## Directions
Repeat each entry below exactly.

## Collected data
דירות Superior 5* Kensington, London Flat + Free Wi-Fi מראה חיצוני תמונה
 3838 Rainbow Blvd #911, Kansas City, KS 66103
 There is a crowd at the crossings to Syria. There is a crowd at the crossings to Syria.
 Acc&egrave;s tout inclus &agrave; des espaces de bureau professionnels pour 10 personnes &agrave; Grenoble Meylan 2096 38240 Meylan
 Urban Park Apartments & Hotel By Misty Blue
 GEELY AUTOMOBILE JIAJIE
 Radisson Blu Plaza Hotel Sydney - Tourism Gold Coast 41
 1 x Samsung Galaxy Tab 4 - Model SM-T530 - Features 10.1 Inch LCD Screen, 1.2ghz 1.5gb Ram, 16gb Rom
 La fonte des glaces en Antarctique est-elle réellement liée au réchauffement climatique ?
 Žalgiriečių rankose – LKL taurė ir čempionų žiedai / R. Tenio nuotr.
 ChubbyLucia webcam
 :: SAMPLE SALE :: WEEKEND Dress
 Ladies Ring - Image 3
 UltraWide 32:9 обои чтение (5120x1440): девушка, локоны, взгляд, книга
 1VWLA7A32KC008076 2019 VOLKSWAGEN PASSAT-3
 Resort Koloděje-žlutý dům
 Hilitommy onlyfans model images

## Task response
דירות Superior 5* Kensington, London Flat + Free Wi-Fi מראה חיצוני תמונה
 3838 Rainbow Blvd #911, Kansas City, KS 66103
 There is a crowd at the crossings to Syria. There is a crowd at the crossings to Syria.
 Acc&egrave;s tout inclus &agrave; des espaces de bureau professionnels pour 10 personnes &agrave; Grenoble Meylan 2096 38240 Meylan
 Urban Park Apartments & Hotel By Misty Blue
 GEELY AUTOMOBILE JIAJIE
 Radisson Blu Plaza Hotel Sydney - Tourism Gold Coast 41
 1 x Samsung Galaxy Tab 4 - Model SM-T530 - Features 10.1 Inch LCD Screen, 1.2ghz 1.5gb Ram, 16gb Rom
 La fonte des glaces en Antarctique est-elle réellement liée au réchauffement climatique ?
 Žalgiriečių rankose – LKL taurė ir čempionų žiedai / R. Tenio nuotr.
 ChubbyLucia webcam
 :: SAMPLE SALE :: WEEKEND Dress
 Ladies Ring - Image 3
 UltraWide 32:9 обои чтение (5120x1440): девушка, локоны, взгляд, книга
 1VWLA7A32KC008076 2019 VOLKSWAGEN PASSAT-3
 Resort Koloděje-žlutý dům
 Hilitommy onlyfans model images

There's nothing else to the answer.